(Captioned web image data)
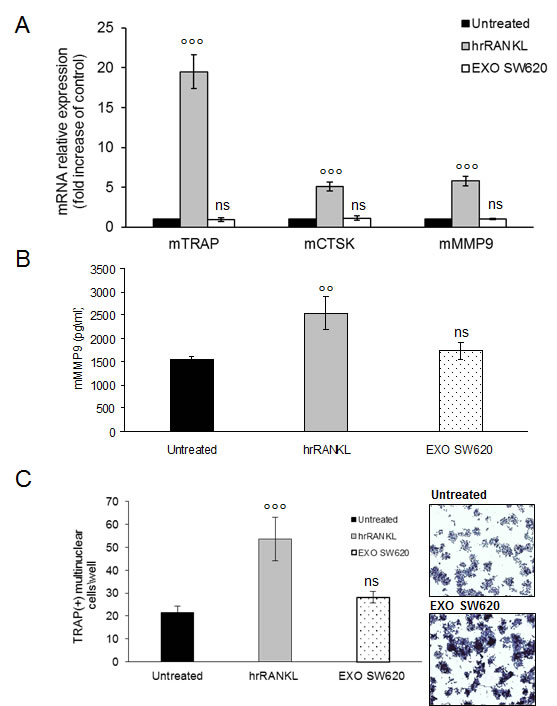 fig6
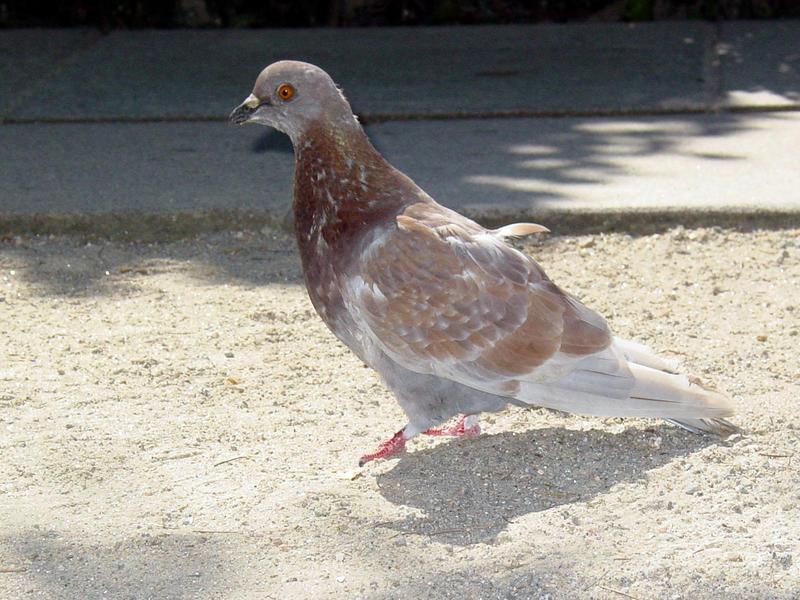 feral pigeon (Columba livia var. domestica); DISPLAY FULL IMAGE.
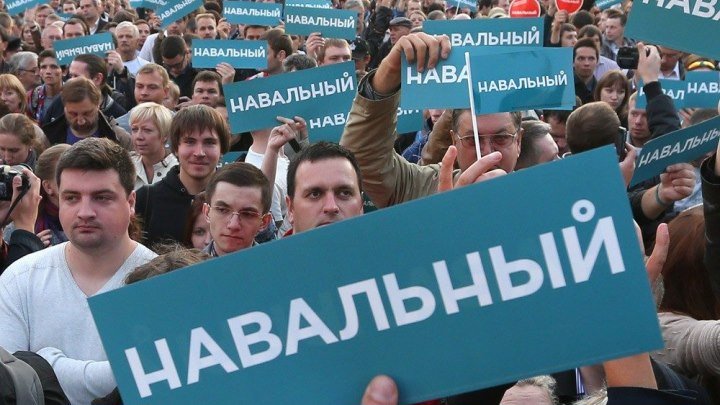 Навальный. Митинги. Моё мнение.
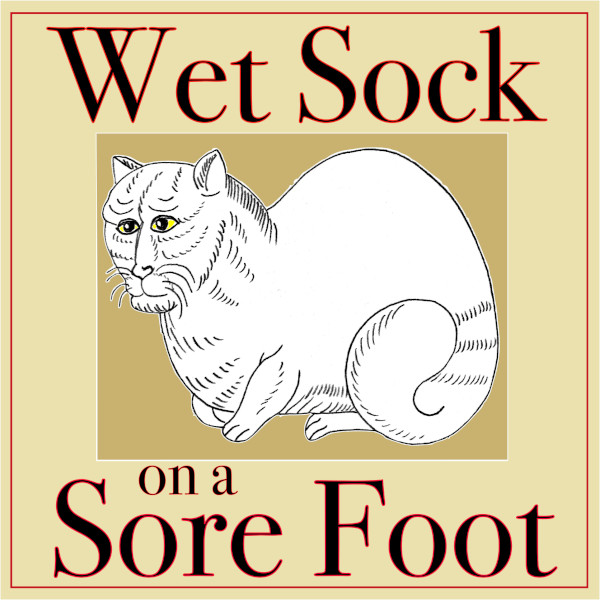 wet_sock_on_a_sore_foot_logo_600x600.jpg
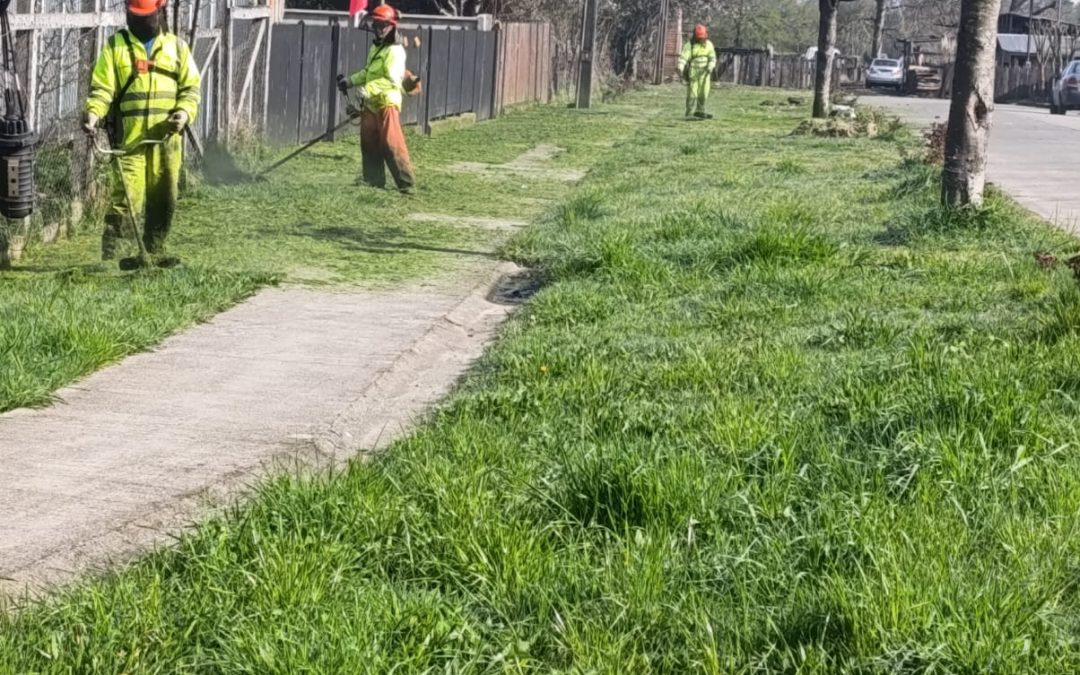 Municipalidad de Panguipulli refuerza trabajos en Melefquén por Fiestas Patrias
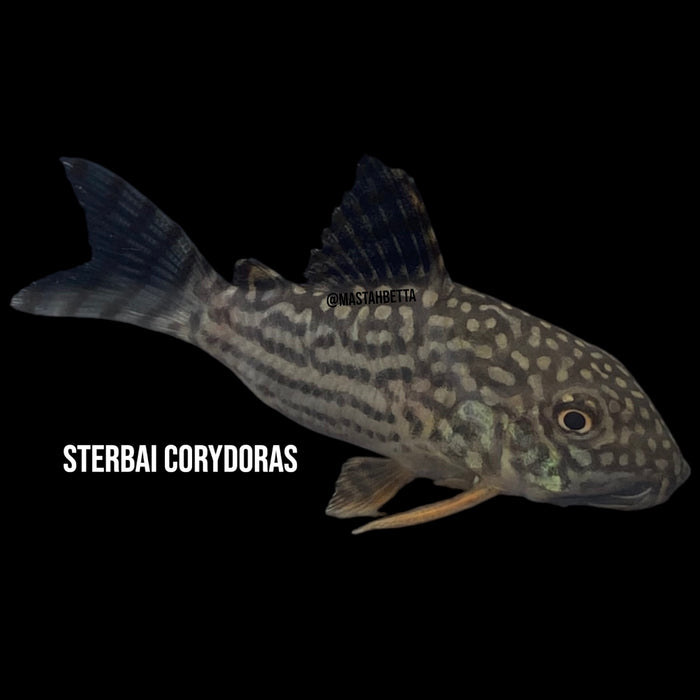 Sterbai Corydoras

*Aim of the task*:
In the reply, each line of the data must appear exactly as written, and no picture may appear.

*Response to this task*:
 fig6
 feral pigeon (Columba livia var. domestica); DISPLAY FULL IMAGE.
 Навальный. Митинги. Моё мнение.
 wet_sock_on_a_sore_foot_logo_600x600.jpg
 Municipalidad de Panguipulli refuerza trabajos en Melefquén por Fiestas Patrias
 Sterbai Corydoras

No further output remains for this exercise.